Different Regimes and Active Regions of Aerosol Indirect Effects

Liu, Y., Brookhaven National Laboratory

Cloud-Aerosol-Precipitation Interactions

Warm Boundary Layer Processes

Zhao X, Y Liu, F Yu, and A Heidinger. 2018. "Using Long-Term Satellite Observations to Identify Sensitive Regimes and Active Regions of Aerosol Indirect Effects for Liquid Clouds Over Global Oceans." Journal of Geophysical Research: Atmospheres, 123(1), 10.1002/2017JD027187.


Relationships (black dots) of τ (AOT) to (a) effective radius (re ), (b) cloud optical depth (τc), (c) Cloud water path CWP, (d) Cloud Top Height CTH, (e) Cloud Top Temperature (CTT), and (f) Cloud fraction (CCF). The number of data samples (black line) is measured by the vertical coordinate on the right-hand side. The error bars indicate the one standard deviation, and the two vertical dashed lines at AOT = 0.13 and 0.30, respectively, divide the plot into three AOT regimes.

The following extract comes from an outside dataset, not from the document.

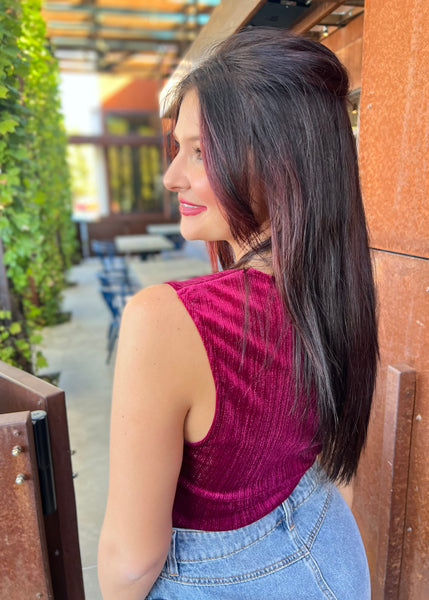 In The Spotlight Burgundy Velvet Sleeveless Bodysuit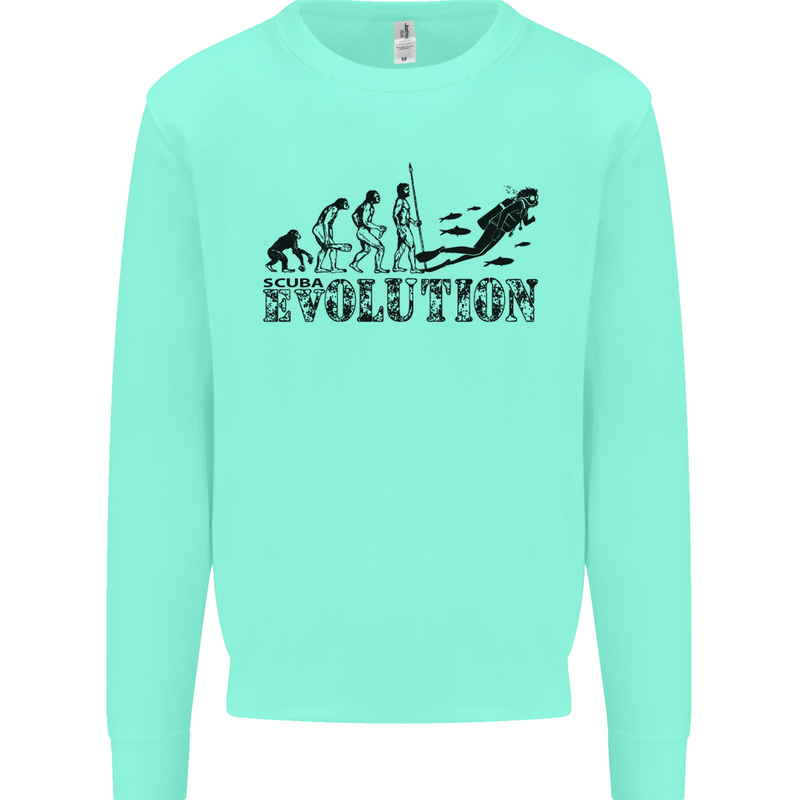 Evolution of a Scuba Diver Diving Funny Mens Sweatshirt Jumper Peppermint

Relationships (black dots) of τ (AOT) to (a) effective radius (re ), (b) cloud optical depth (τc), (c) Cloud water path CWP, (d) Cloud Top Height CTH, (e) Cloud Top Temperature (CTT), and (f) Cloud fraction (CCF). The number of data samples (black line) is measured by the vertical coordinate on the right-hand side. The error bars indicate the one standard deviation, and the two vertical dashed lines at AOT = 0.13 and 0.30, respectively, divide the plot into three AOT regimes.

Science

Different regimes of aerosol indirect effects and the active regions over the global ocean are studied and identified by analyzing long-term satellite measurements of aerosol and cloud properties.

Impact

The study provides additional observational evidence for existence of different aerosol-cloud interaction regimes, and identifies the primary regions where the corresponding regimes occur. The results also offer new understanding of the complex aerosol indirect effects over the global ocean, and point new directions for future research.

Summary

Long-term (1981–2011) satellite climate data records of clouds and aerosols are used to investigate the aerosol-cloud interaction of marine water cloud from a climatology perspective. Different regimes of the aerosol indirect effects (AIE) and the active regions over the global oceans are identified by analyzing the correlation features between aerosol optical depth and the key cloud variables including cloud droplet effective radius, cloud optical depth, cloud water path, cloud top height, and cloud top temperature. An aerosol optical thickness (AOT) range of 0.13 < AOT < 0.3 is identified as the sensitive regime of the conventional first AIE where effective radius is more susceptible to AOT than the other cloud variables. The first AIE that manifests as the change of long-term averaged effective radius appears only in limited oceanic regions. The signature of aerosol invigoration of water clouds as revealed by the increase of cloud fraction and cloud top height with increasing AOT at the middle/high latitudes of both hemispheres is identified for a pristine atmosphere (AOT < 0.08). Aerosol invigoration signature is also revealed by the concurrent increase of effective radius, cloud optical depth, and cloud liquid water path with increasing AOT for a polluted marine atmosphere (AOT > 0.3) in the tropical convergence zones. The regions where the second AIE is likely to manifest in the cloud fraction change are limited to several oceanic areas with high cloud fraction of the warm water clouds near the western coasts of continents. The second AIE signature as represented by the reduction of the precipitation efficiency with increasing AOT is more likely to be observed in 0.08 < AOT < 0.4. The corresponding AIE active regions, which manifested themselves as the decline of the precipitation efficiency, are mainly limited to the oceanic areas downwind of continental aerosols. The sensitive regime of the conventional AIE identified in this observational study is likely associated with the transitional regime from the aerosol-limited regime to the updraft-limited regime identified for aerosol-cloud interaction in cloud model simulations.